Figure 6: ROUGE-L on unnatural instructions evaluated with 9K samples. The instructions are grouped into four subsets based on the ground-truth response length. The mean values are reported in the legend. The difference with GPT-4 is reported on the bar per group. LLaMA-GPT4 is a closer proxy to GPT-4 than Alpaca.

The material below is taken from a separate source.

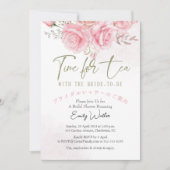 Zeit für Tee Brautparty Elegante Rose Einladung (Vorderseite)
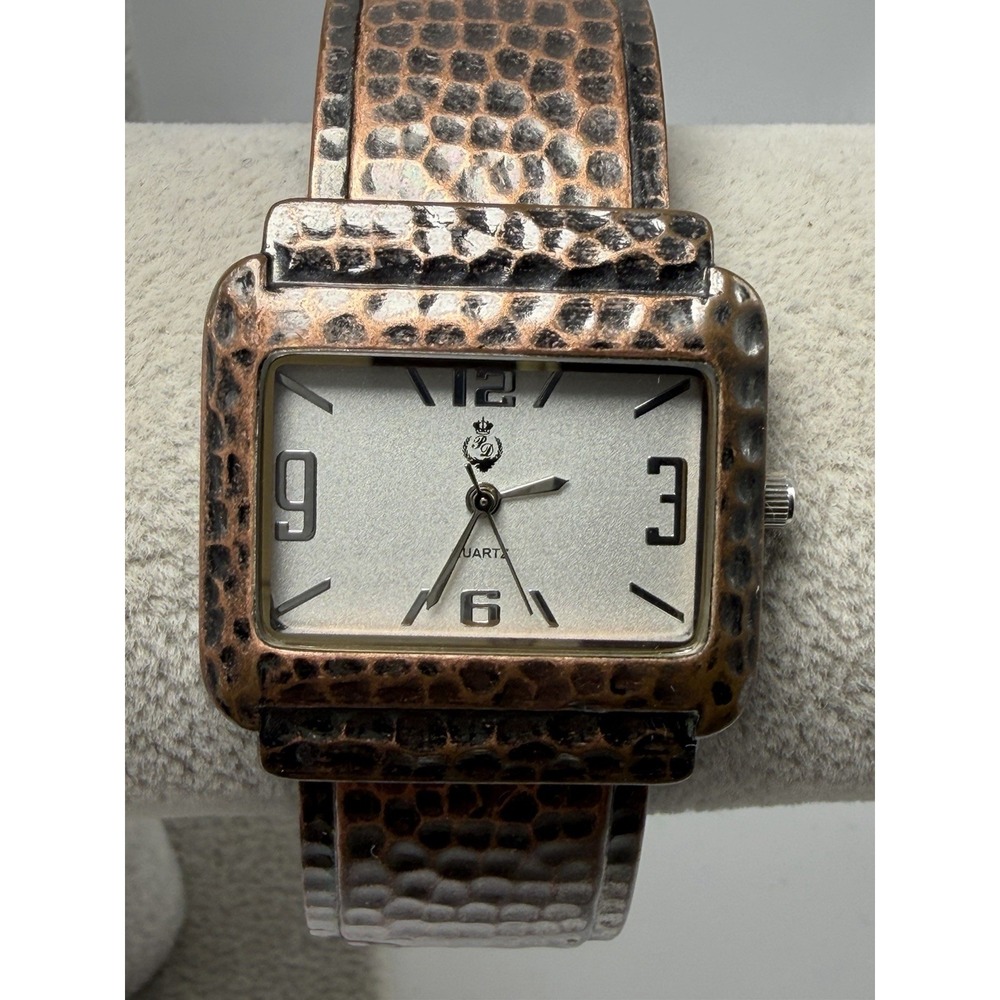 Premier Designs E-11 New Battery Ladies Cuff Watch Bronze Tone 33MM 6.25"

Instruction tuning. Instruction tuning of LLMs is an increasingly popular research direction in NLP (Zhong et al., 2021; Ouyang et al., 2022; Wei et al., 2021). Existing works aim to improve the quality and scale of three factors in the development pipeline, including instruction-following data, foundation language models and evaluation benchmarks. Each group typically maintains its own pipeline. For example, scaling instruction-finetuned language models (Chung et al., 2022) is built on top of FLAN (Wei et al., 2021). PromptSource contains a growing collection of prompts (which is also called P3: Public Pool of Prompts) (Bach et al., 2022). T0 is a series of models trained on P3 via multitask prompted training (Sanh et al., 2021). Instruction-tuning of OPT models is considered in (Iyer et al., 2022), where a larger and more comprehensive benchmark OPT-IML Bench is employed, covering FLAN (Wei et al., 2021), Super-NaturalInstructions (Wang et al., 2022b), and UnifiedSKG (Xie et al., 2022).

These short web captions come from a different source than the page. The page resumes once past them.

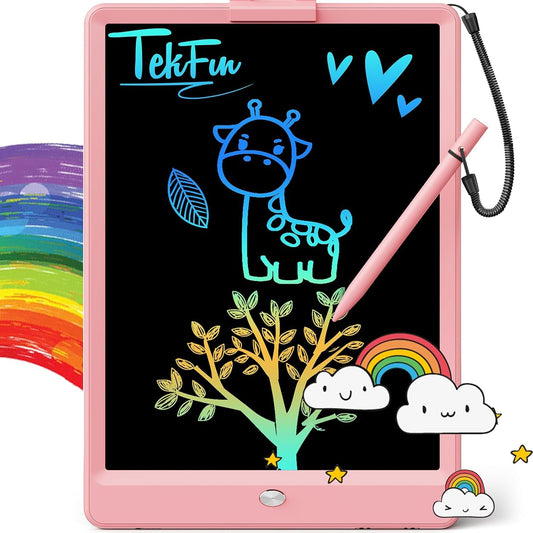 TEKFUN pink LCD writing tablet for kids, mess-free drawing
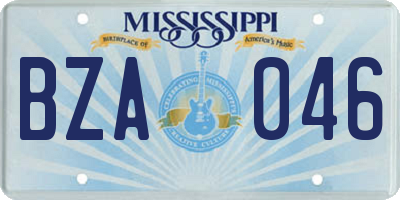 MS license plate BZA046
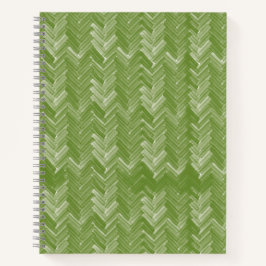 Chevron visgraatpatroon Forest Green Notitieboek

Open-Source Efforts. Given the broad capabilities of LLMs exhibited by ChatGPT, open-source models have drawn a significant interest and promoted work towards open, general-purpose, text-based assistants that are aligned with human values. Early attempts on foundation LLMs include BLOOM (Scao et al., 2022), GPT-J (Wang & Komatsuzaki, 2021), GPT-NEO (Black et al., 2021) OPT (Zhang et al., 2022) and LLaMA (Zhang et al., 2023). To align LLMs with chat-based assistance, Open-Assistant (LAION-AI, 2023) is built on GPT-J, and Alpaca/Vicuna are built on LLaMA. Furthermore, OpenFlamingo (Awadalla et al., 2023) and LLaMA-Adapter (Zhang et al., 2023) connect LLaMA with image inputs, paving a way to build open-source multi-modal LLMs.

6 CONCLUSIONS

This paper demonstrates the effectiveness of instruction tuning using GPT-4. We release 52K English and Chinese instruction-following instances generated using GPT-4 as well as model checkpoints finetuned from LLaMA, We hope our empirical observations and resource will benefit the development of open-source and general-propose LLMs that can better align with human values to complete tasks.

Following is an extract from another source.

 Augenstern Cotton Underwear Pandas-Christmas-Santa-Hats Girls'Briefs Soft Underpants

This represents work in progress, and several directions can be explored: (i) Data and model scale. The GPT-4 data size is 52K and the base LLaMA model size is 7B. Vicuna collects around 700K conversion turns (approximated from the multi-turn ShareGPT data), and uses the 13B LLaMA model. Therefore, it would be promising to continue collecting more GPT-4 instruction-following data, combine with ShareGPT data, and train larger LLaMA models for higher performance. (ii) RLHF. The reward model is only used in the decoding stage, which suggests that comparison data is promising to provide useful feedback for LLM training. It is natural to continue to train LLMs with reward models, for example for reinforcement learning using machine-generated feedback.